En partant donc des paramètres évoqués au début, on arrive donc à neuf possibilités. Mais ce n’est pas la seule option : on peut également faire varier ces paramètres de base. Par exemple : rien ne dit que l’état palestinien doivent se contenter de Gaza.

9. La solution à Gaza + Sinaï : l’Egypte cède une partie du territoire du Sinaï à Gaza, qui se retrouve avec un territoire plus large et économiquement viable.

Rien ne dit non plus que les paramètres de base doivent être limités à Israël, la Cisjordanie et la bande de Gaza. Historiquement, la Palestine mandataire était un territoire parmi un ensemble beaucoup plus large d’autres mandats. Il y a même eu un moment où l’ensemble de la Palestine mandataire était prévue pour constituer un état juif.

D’un certain point de vue, on peut dire que la répartition état juif/état arabe sur l’ancienne Palestine mandataire est déjà résolue. On pourrait l’appeler :

10. La solution déjà trouvée : la rive orientale du Jourdain est l’état palestinien, qui s’appelle Jordanie, et la rive occidentale l’état Israélien. La Cisjordanie et Gaza s’insèrent dans une nouvelle question qui est celle de la clarification des frontières des différentes parties.

Rien ne dit non plus qu’il faille trouver une solution immédiate. Les problèmes territoriaux non résolus au Moyen Orient en particulier et dans le monde en général abondent.

11. La solution du statu quo. On attend. On attend quoi ? Qu’une nouvelle génération arrive, que les paramètres géopolitiques changent, que la réalité sur le terrain prenne racine. C’est la solution qui prévaut depuis les années 2000, depuis un peu plus de vingt ans. Mais à l’échelle du Moyen Orient, vingt ans, c’est à peine quelques secondes.
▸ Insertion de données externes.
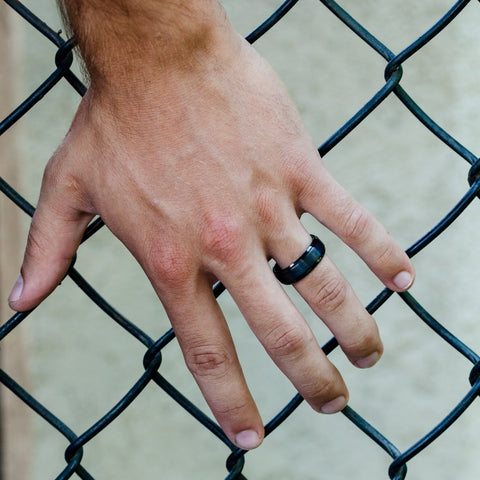 mans hand on a fence with wedding band on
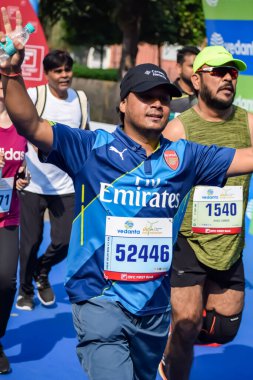 Yeni Delhi, Hindistan - 15 Ekim 2023 - Bitmek üzere olan maraton katılımcılarının bitiş çizgisini geçmek üzere olan Delhi Yarı Maratonu 2023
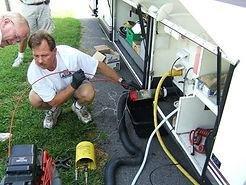 Looking at the mobile camera to verify the tank is cleaned.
La paix au Moyen Orient peut prendre de nombreuses formes. Y compris des formes inattendues. Qui aurait pensé il y a dix ans que les accords d’Abraham étaient possibles ? Pas grand monde, et certainement pas les grands diplomates et hommes politiques occidentaux, qui partaient tous du principe que la paix au Moyen Orient ne pouvait passer exclusivement que par une paix entre Israéliens et Palestiniens.

La paix entre Israël et les Palestiniens n’est pas là, mais la paix entre Israël et les Emirats Arabes Unis, le Bahrein, le Maroc et le Soudan. est bien là. Et tous ont fait comprendre que les accords continueraient en dépit de la guerre à Gaza. Sans compter que d’autres pays sont proches de les signer également.

Cet accord est arrivé de façon inattendue, et rien ne dit que ce n’est pas, au final, de cette manière que se passeront les choses. Ce sera la dernière solution de notre liste :

12. La solution inattendue. Par définition, on ne peut pas savoir a priori quelle la forme elle prendra. Peut-être que les paramètres changeront, peut-être que les mentalités évolueront. Qui sait. La seule certitude, c’est que la paix finira par advenir. Mais ça sera une paix par et pour Israël, une paix par et pour le Moyen Orient. Une paix qui vient de l’intérieur est la seule qui sera durable. Espérons simplement qu’elle advienne vite et facilement.